OPTION 1: So, do I use ROWs = publication name in Row 1 and all the related columns for each financial year are copied and pasted after each financial year ready for the new FY information? This will lead to me going to column ZZ.

OPTION 2: Or, do I use COLUMNs = each row has only one FY information for each publication and if we re-order or cancel a publication I re-type the publication name in a row below and fill in appropriate columns? This will lead to a long list of publications down to row 10000, and potential for misspelling of repeat ordered publication names.

IDEAS: What's the best way - thinking in terms of pivot table best practice, being able to sum or count easy, report formatting, etc.

Any best practices much appreciated.

RocketGoal

Posted 2010-03-12T09:55:25.433

Reputation: 1 468

1The first idea that comes to mind: Have you ever looked into databases, would suit this problem perfectly, especially when you normalise them well. Not sure if that is an option for you though ? – S.Hoekstra – 2010-03-12T10:15:10.953

Answers

1

If you have to stay in Excel, you should organize your data in a way that will make it easier to move to a relational database later. Even if you can't see moving it now, you will have the time and resources and management support to do it right someday, so make it easier on yourself.

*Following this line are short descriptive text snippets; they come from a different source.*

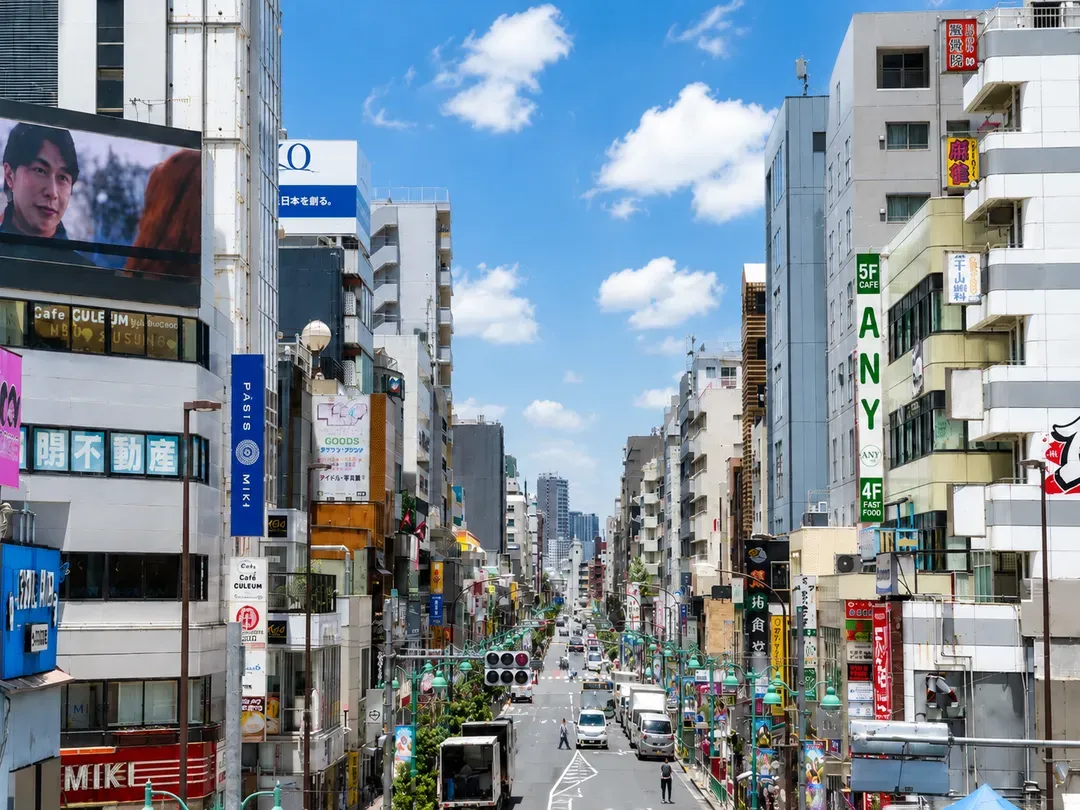 距離新大久保站步行5分鐘｜3間臥室・1張雙人床＋4張單人床＋沙發床｜附廚房整棟包棟民宿｜最多8人入住-16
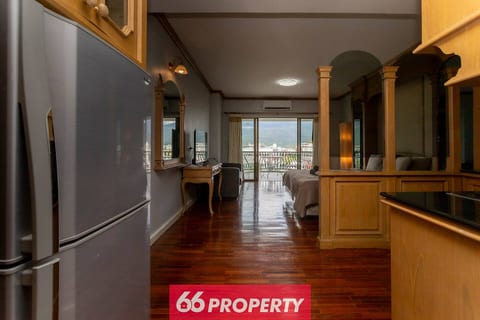Penthouse Studio w/Mountain View and Balcony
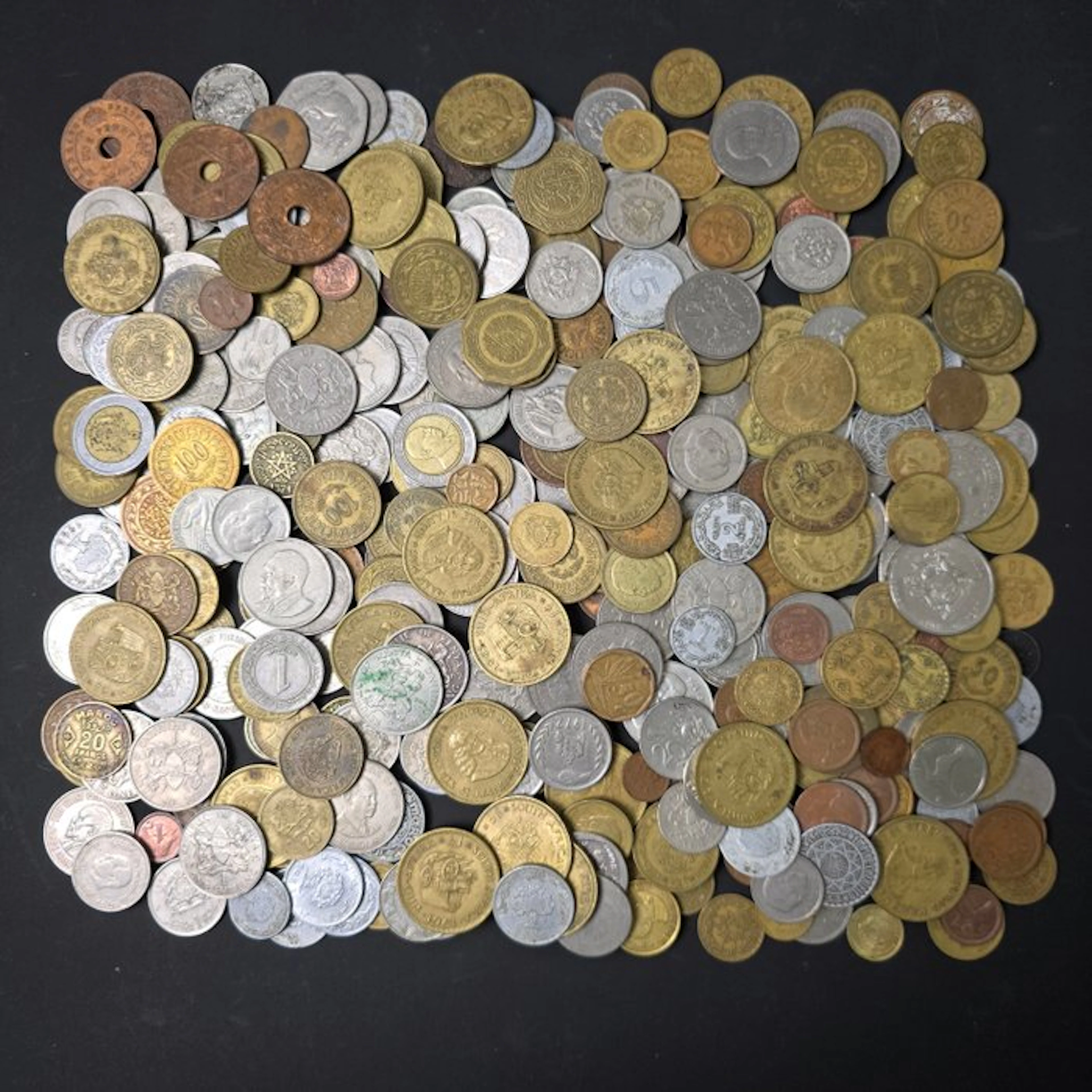 Africa. Lot van 350+ munten uit Afrikaanse landen...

It will be hard to have normalized data in Excel, but get as close as you can. Make another sheet with the publication names and use Data Validation in the "publication name" field to help prevent misspellings.

If I were doing it in RDBS, I would have three tables: Orders, Publications, People.

People: PersonID, PersonName ...

Publications: PublicationID, PubName, ...

Orders: OrderID, OrderDate, PublicationID, RequestedBy(personid), OrderedBy(personid), etc.

That may not be exactly how you will want it, but you can figure out what will work for your data. Once you know how it will look in an RDBS, set it up in Excel. For instance, each row would be an order and the columns would be

OrderDate, PublicationName, RequestedBy, OrderedBy, etc..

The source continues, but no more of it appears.